**Data:**

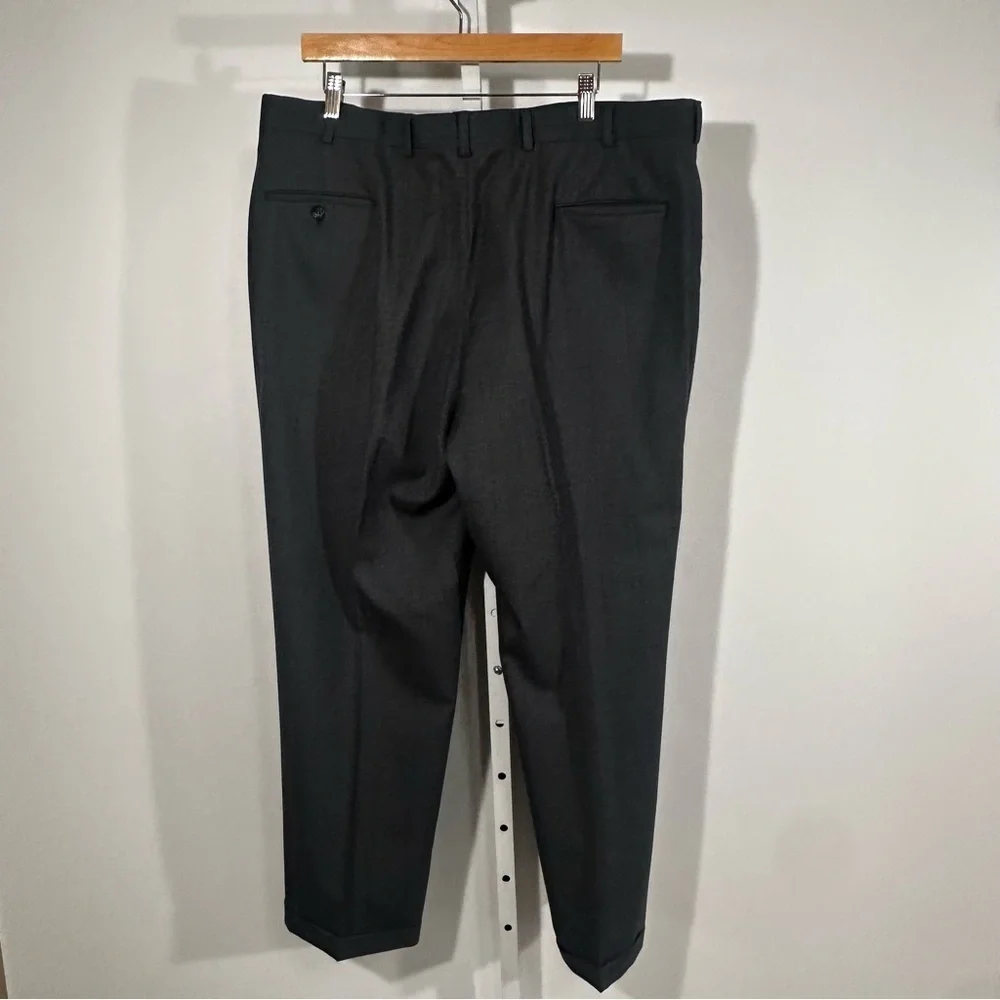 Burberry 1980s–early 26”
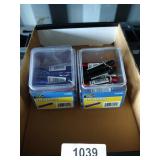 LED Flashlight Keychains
* * *
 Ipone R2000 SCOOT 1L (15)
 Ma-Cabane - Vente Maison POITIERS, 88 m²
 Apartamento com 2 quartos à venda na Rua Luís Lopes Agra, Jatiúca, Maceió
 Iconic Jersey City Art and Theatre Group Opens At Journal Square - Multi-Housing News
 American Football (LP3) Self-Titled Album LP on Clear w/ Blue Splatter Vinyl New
--
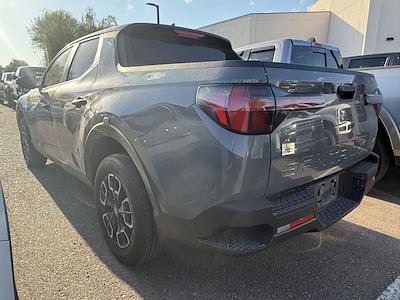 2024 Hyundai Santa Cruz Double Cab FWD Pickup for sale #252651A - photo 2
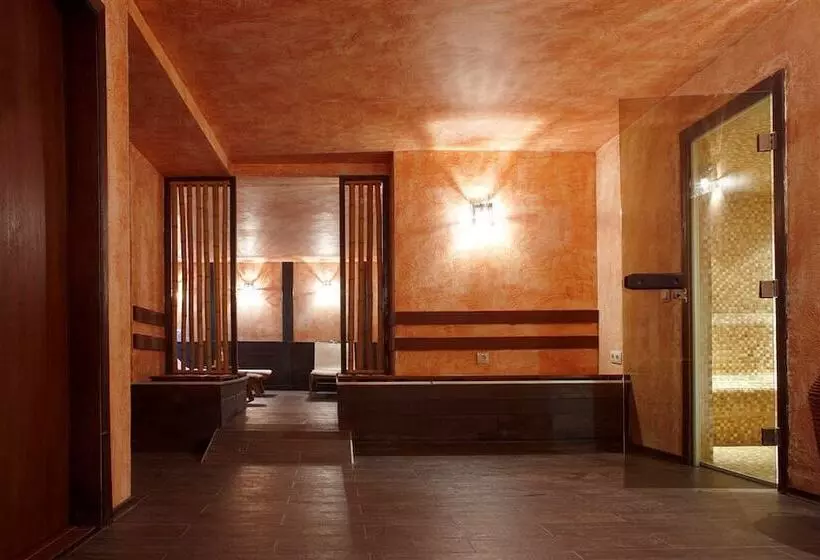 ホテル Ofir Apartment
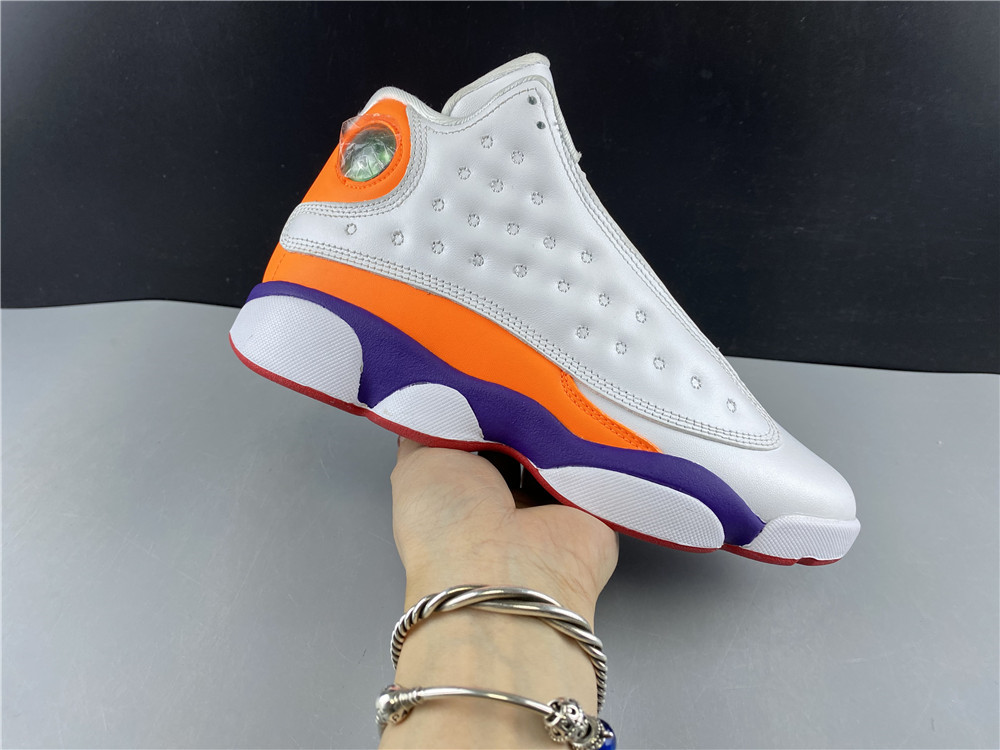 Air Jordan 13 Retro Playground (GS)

**Instructions for the task:** Going back to the entries above, set down exactly the lines that begin at the one with "Ma-Cabane - Vente Maison POITIERS, 88 m²" and end at the one with "American Football (LP3)", both included, and nothing else.

**Exercise answer:**
 Ma-Cabane - Vente Maison POITIERS, 88 m²
 Apartamento com 2 quartos à venda na Rua Luís Lopes Agra, Jatiúca, Maceió
 Iconic Jersey City Art and Theatre Group Opens At Journal Square - Multi-Housing News
 American Football (LP3) Self-Titled Album LP on Clear w/ Blue Splatter Vinyl New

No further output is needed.